Veil

Boyd’s Bible Dictionary:

(carry). The veil (Gen. 24:65; 38:14; Ruth 3:15; Song of Sol. 5:7; Isa. 3:23), was a shawl or mantle. The veil proper was worn by Hebrew women only on special occasions, as in marriage (Gen. 24:65); for ornament (Song of Sol. 4:1,3); for concealment as in harlotry (Gen. 38:14).

Concise Bible Dictionary:

See VAIL.

“39. The Veil” From Manners and Customs of the Bible:

Genesis 24:65. The servant had said, It is my master: therefore she took a veil, and covered herself.
1. The custom of veiling the face of women, now so common in the East, was not general in the days of the patriarchs, nor for a long time after. The women usually appeared in public with faces exposed. Much of the modern Oriental scrupulousness on this subject is due to Mohammedan influence, the Koran forbidding women to appear unveiled except in the presence only of their nearest relatives. No representations of veils are found on either the Assyrian or the Egyptian monuments; yet the Egyptians, as well as the Hebrews, did use the veil on special occasions. Wilkinson says, that the ancient Egyptian veil was not so thick as the boorko of modern Egypt; but was thin enough to be seen through, like that of the Wahabees. The veiling of the bride before coming into the presence of the bridegroom is a very ancient custom, indicating modesty, and subjection to the husband.
It is claimed by some, however, that the tsaiph—both here and in Genesis 38:14, rendered “veil”—was not properly a veil, but rather a large wrapper which was worn out of doors; a light summer dress, of handsome appearance and of ample dimensions, so that it might be thrown over the head at pleasure. Thus, when she saw Isaac, Rebekah slipped the upper part of her loose flowing robe over her head, thereby concealing her face from her expectant lover.

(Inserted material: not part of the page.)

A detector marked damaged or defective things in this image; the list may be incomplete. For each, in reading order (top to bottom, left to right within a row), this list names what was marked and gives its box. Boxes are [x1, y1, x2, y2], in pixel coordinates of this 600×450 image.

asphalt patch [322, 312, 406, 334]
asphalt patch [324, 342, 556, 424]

“246. The Veil” From Manners and Customs of the Bible:

Ruth 3:15. Also he said, Bring the veil that thou hast upon thee, and hold it. And when she held it, he measured six measures of barley, and laid it on her.
Mitpachath, veil, is called mantle in Isaiah 3:22, and some lexicographers assert that this is its meaning; that it does not signify what is commonly understood by a veil, but simply a large outer mantle or cloak, in one corner of which Ruth received the barley. Others, however, and among them Dr. Kitto, insist that a veil is meant; one made of strong cotton cloth and used for outdoor wear.
The engraving represents a large veil, or mantle, which is worn by Egyptian women at the present day. It is called milayeh.